Wednesday, December 20, 2006

ALL THE KING'S MEN (DVD)

Director: Steven Zailian (A Civil Action, Searching for Bobby Fisher; screenwriter for Schlinder's List, many other major films)
Starring: Sean Penn, Jude Law, Kate Winslet, Anthony Hopkins

Like a house, a movie has a skeleton of structural pieces that have to be constructed correctly. Otherwise, no matter how pretty the gingerbread is on the outside, the whole building/film will come tumbling down. For All the King's Men, the builders forgot to nail in the "narrative" beam in the script. Without it, the whole film just tumbled in on itself, and it's now a pile of good looking bits and pieces, like an ugly demolition site that you hope somebody clears away when you drive by it.

This story is nearly nonsensical, it's so badly put together. It's a shame too, because each of the powerhouse cast of Penn, Law, Winslet and Hopkins were quite good in their own way. They just didn't make any sense when put together. Or rather the words that they were saying to each other didn't make much sense, no matter how well said by the actors.

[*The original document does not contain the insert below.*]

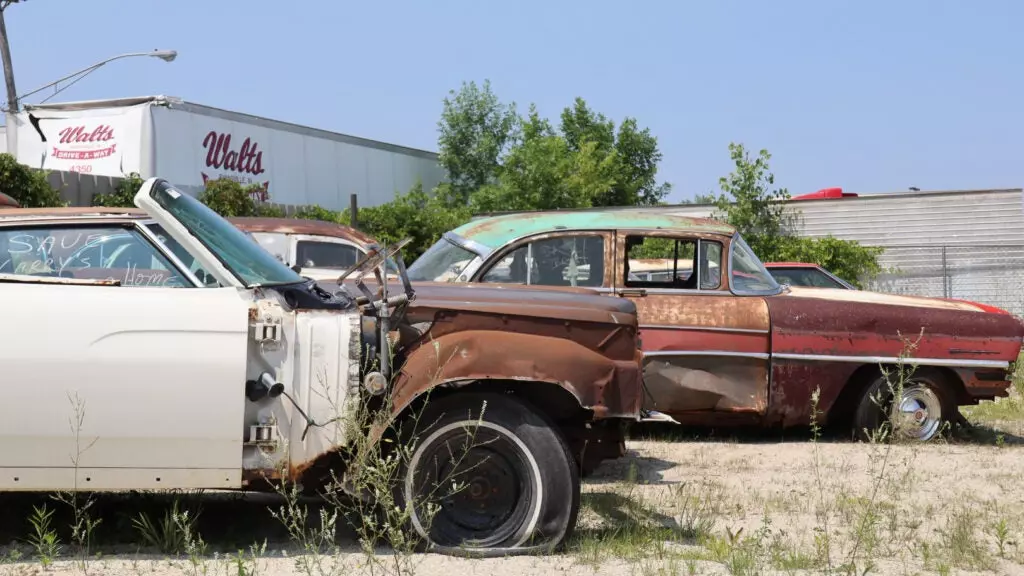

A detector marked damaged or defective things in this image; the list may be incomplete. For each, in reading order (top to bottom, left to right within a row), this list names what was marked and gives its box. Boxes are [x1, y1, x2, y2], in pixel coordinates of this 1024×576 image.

The production was lavish, and at times beautiful. Moments of the story seemed interesting, or rather felt like they should have been interesting. I've heard quite a lot about how good the source book was. The screenplay was an utter failure, however. And it took everything down with it.

All the King's Men (sort of) tells a fictionalized account of Huey Long, the populist governor of Louisiana during the Great Depression. Here he's called Willie Stark, however, and Penn plays him as the loudest, most emotive rabble-rouser you could imagine. Penn always plays characters that scream in one way or another. I'd love to see if he could internalize his characters a bit, but whatever. It kind of works for this character.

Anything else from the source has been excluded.